Finished the owl quilt yesterday for baby Johanna. She’s due in September and the baby shower was yesterday. I finished the quilt at 9am and the shower was at 11am, so it was a tight squeeze. But I was so pleased with it. The embroidery designs (all but one which was my design) were from DesignsbyJuJu.com owl sets 1 and 2. The flowers are my Accuquilt GO! fun flowers and I used the design that was digitized with the free-form applique embroidery edge. I quilted edge to edge with the Double Bubble Panto from Urban Elementz.
Here’s another quilting design that I decided to try. This is a small quilt that Norma pieced. Because of the bright colors and busy pattern, it’s more difficult to see the quilting very well, but it is simply an angular meander. This was so much fun to quilt, and I like the way it looks on the quilt.

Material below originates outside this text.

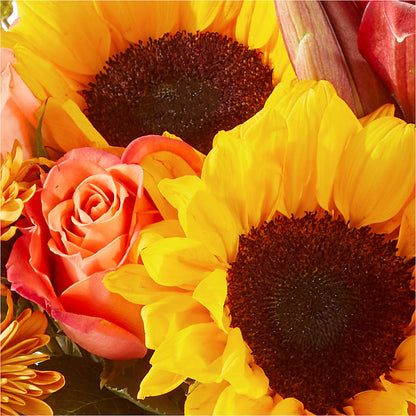 Acorn Lane Bouquet –  Joannies Floral Of Birch Run, Birch Run MI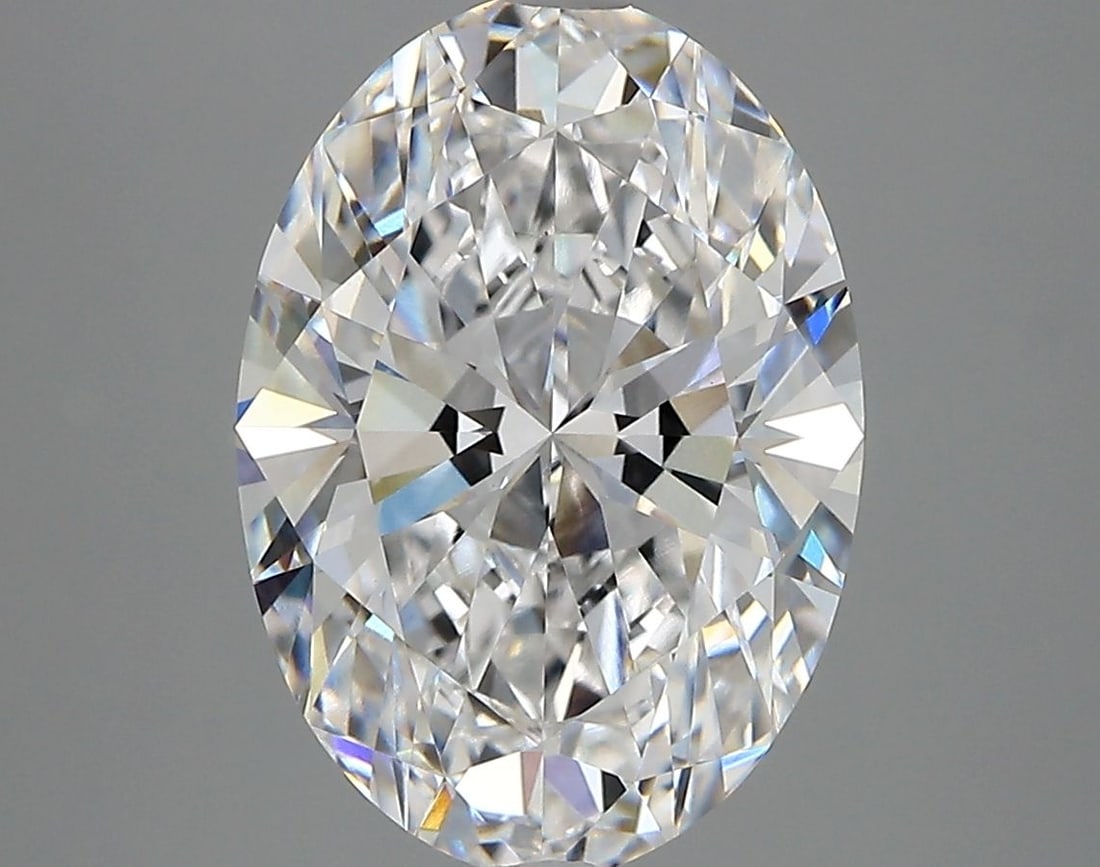 IGI Oval 4.34ct D VVS2 - Loose Lab Diamond: IGI Oval 4.34ct D VVS2 - Loose Lab Diamond Item Specifics: Source: This Is A Real Diamond Grown In A Lab Not Mined. Carat: 4.34 Cut: - Color: D Clarity: VVS2 Polish: EX Symmetry: EX Measurements: 13.1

I did a lot of doodling on paper and on my Kindle Fire Whiteboard before quilting. The black and white picture below is what it looks like on the Whiteboard from my Kindle Fire. I’m glad my quilting looks better than my doodling.
I seem to be collecting a lot of machine embroidery blocks. The more designs I digitize, the more I stitch, and then there’s no time to put them all into a quilt. But I can dream – and dream I do. That’s the beautiful thing about EQ7. It allows me to quilt with a computer.
The two most recent sets I digitized are the Halloween set and the Turtle Treks set. This is what I came up with for a quilt layout. I think both of these would be nice as a lap quilt, but even cuter as a wall hanging. Here are the two quilt layouts from EQ7–very simple – and the quilting will be the ‘piece de resistance’ for these quilts. The third image shows the block outline. Tomorrow, I’ll give directions for constructing the black and white connector blocks. And then maybe some lucky person would like to be the recipient of a kit giveaway to make one of these – blocks already embroidered!
This is my entry for the Pets on Quilts Show. It’s a Pet Menagerie of wild, safari animals that are just perfect for a snuggle. This quilt is made with applique animals alternating with safari animals print blocks. The back has a great zigzag across the middle.
This has been a year of making and quilting safari animal quilts – for my nephew and for my grandsons – and they all love their quilt “pets.”
Quilting was done on my Nolting longarm using Aurifil 50 wt thread on top and bobbin.